As of Sunday night, WWSM-1510 has gone dark – kind of.

WWSM is now exclusively available through online streaming on its website.

The station, which got its start broadcasting out of owner and country music singer/songwriter Pat Garrett’s sheepskin outlet in Bethel, made its last radio broadcast on July 31 following a lightning strike earlier in the month. The 5000 watt Harris transmitter at the station’s studios along Colebrook Road wasn’t completely shot by the strike, but it was seriously damaged and only capable of putting out a 1000 watt signal post-bolt.

Station manager Gary Gruver said that he and Garrett decided it wasn’t worth putting the money into the station to fix it, with the Harris transmitter being particularly finicky and needing hard-to-find parts. Gruver called it a “boat anchor.” But technology is a bit different today from when Garrett bought the station in the late 1990s and the duo saw another path forward for the station known by its classic country tunes and ag-focused news and talk segments.

Gruver said it was “just as easy to shut it down and go on the web, and have more fun that way.” He said that people he’s told about the transition are excited about the idea of an all-on-the-web signal.

“The world has become our audience,” said Gruver.

Although the station was already online, it upgraded its online streaming service to one that is a lot more dependable and reliable as part of the transition.

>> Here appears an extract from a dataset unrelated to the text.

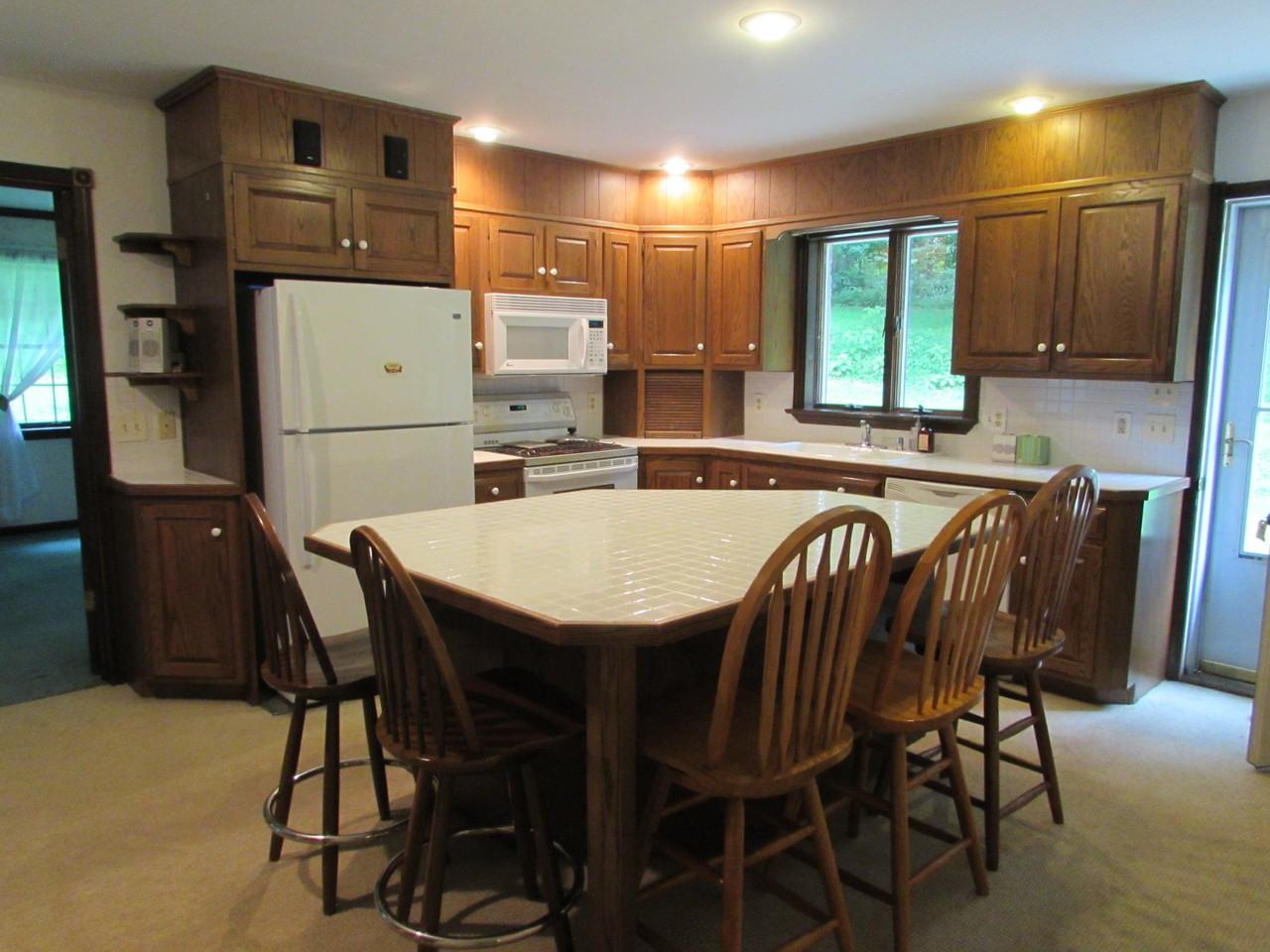 252 S Kinzer Rd - Photo 2 of 14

Gruver said that none of its shows will leave the station as part of the change, and although he expects to modify the rate structure a little bit to better match the online format, the station’s advertisers have stayed loyal.

“I think this is going to work and it’s going to work really well,” said Gruver.

Gruver said that the towers could be put back into commission with some repairs and tender loving care, although FCC rules may require some additional improvements by a new owner, such as larger fences around the antennas.

Gruver said that with the license lapsed, a new owner seeking to put the radio station back would need to contact the FCC and apply for a broadcasting license for the 1510 AM frequency – and you’d almost certainly need an attorney to navigate that process.

The 8.7 acre property at 2150 Colebrook Road was listed for sale on Saturday, July 30. The property – which contains a good chunk of land designated as flood plains of Beck Creek which runs through it – is listed for $195,000 with Joe Wentzel at Penn Realty.